## [The task]
The expected answer is the data below, printed verbatim without its pictures.
::: Available data
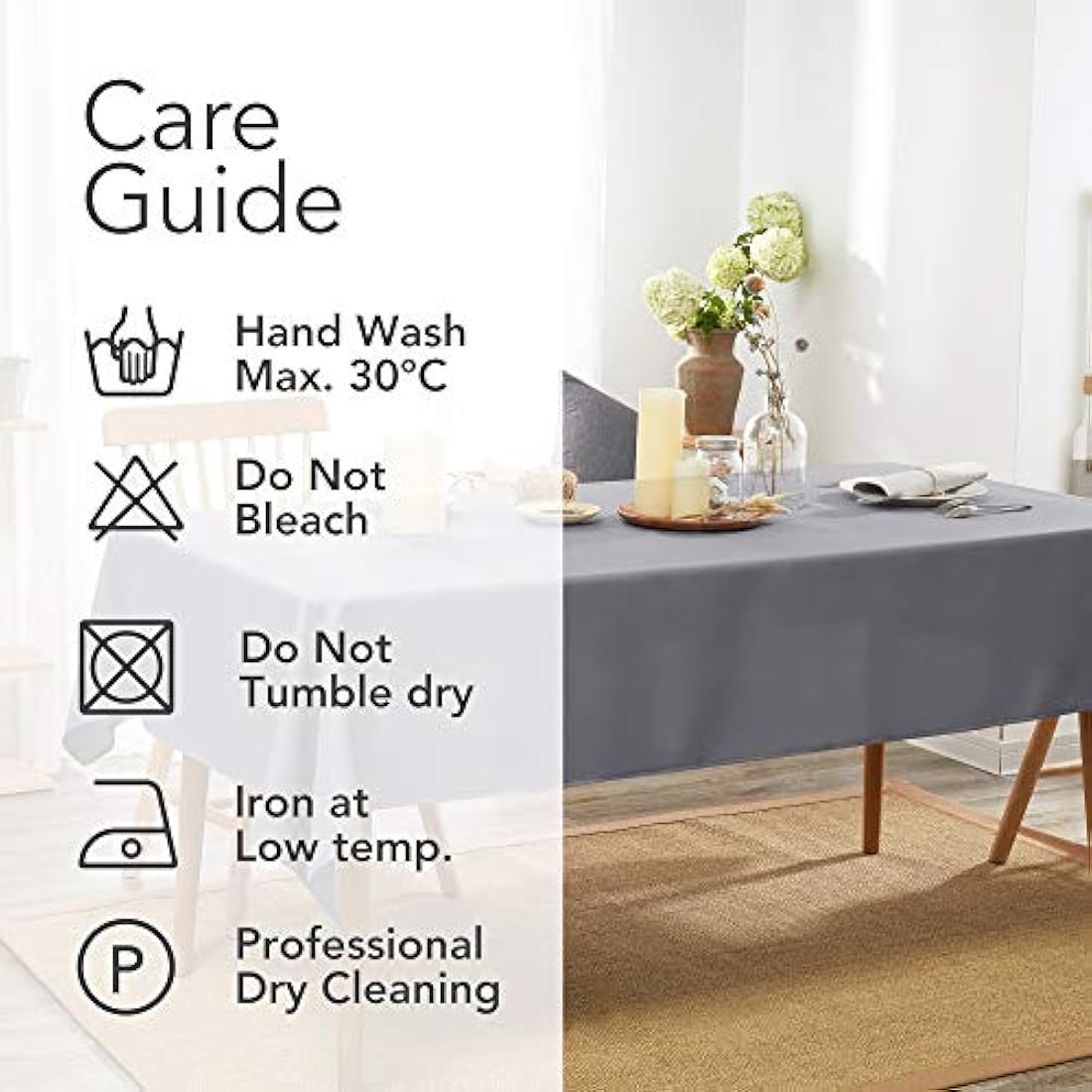 Deconovo Home Decorative Oxford Fabric Water Resistant Tablecloths Rectangular Tablecloth Wipe Clean Tablecloth for Garden Table 59x95in(150x240cm)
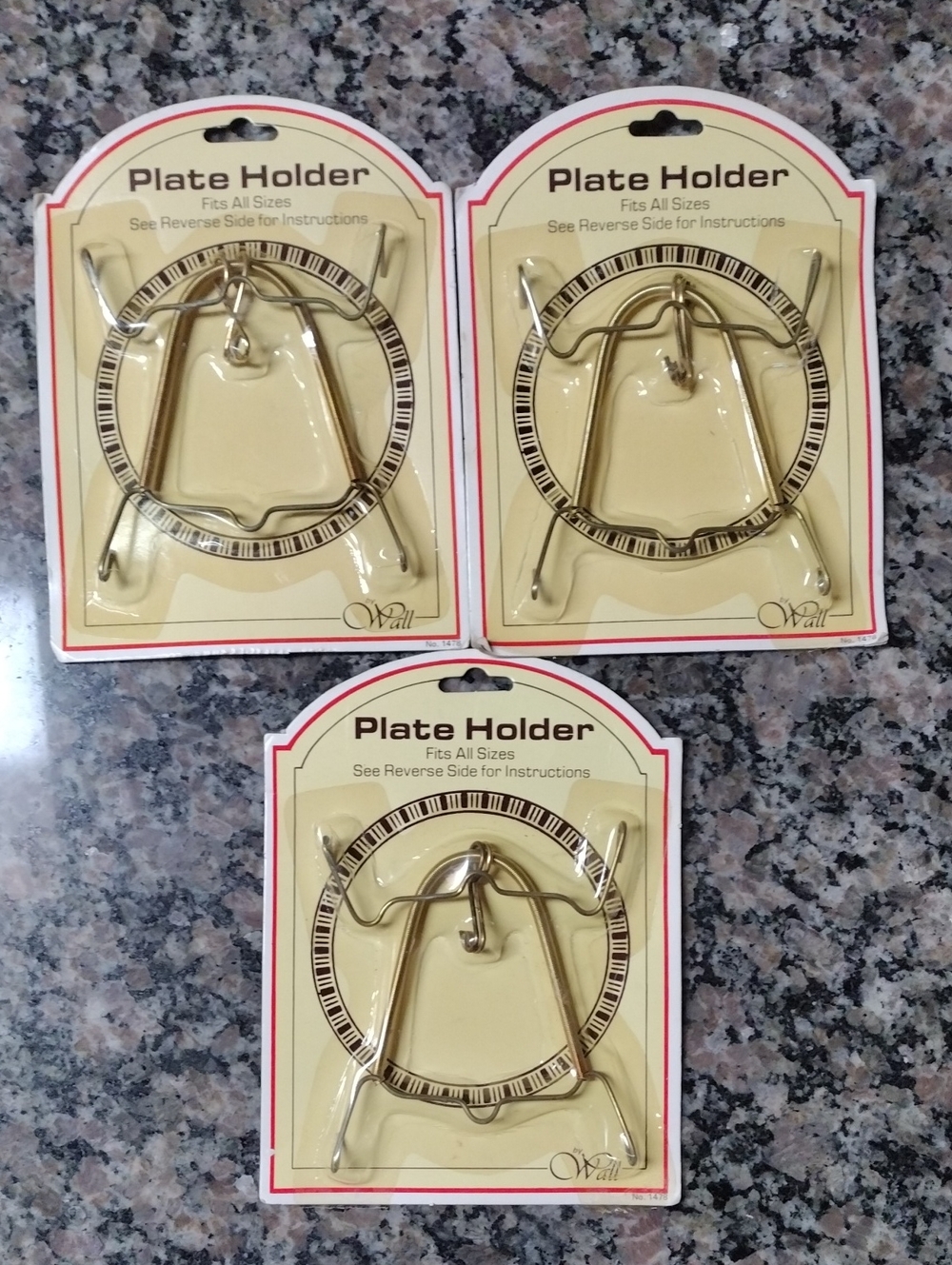 lot of 3 Gold decorative Plate Holder stand new sealed fits all sizes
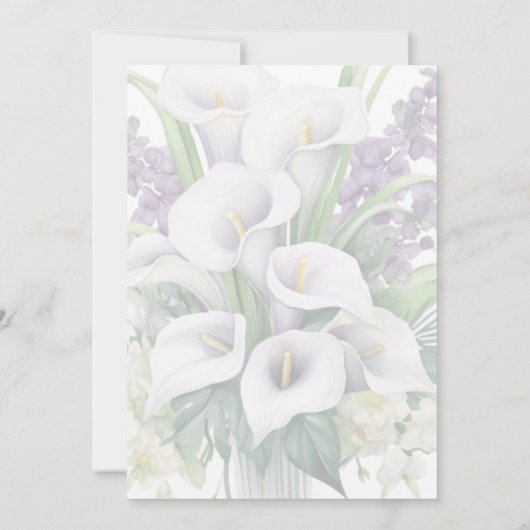 Viering van het leven Begrafenis Calla Lily Floral Kaart (Achterkant)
::::::
## [Output of the exercise]
 Deconovo Home Decorative Oxford Fabric Water Resistant Tablecloths Rectangular Tablecloth Wipe Clean Tablecloth for Garden Table 59x95in(150x240cm)
 lot of 3 Gold decorative Plate Holder stand new sealed fits all sizes
 Viering van het leven Begrafenis Calla Lily Floral Kaart (Achterkant)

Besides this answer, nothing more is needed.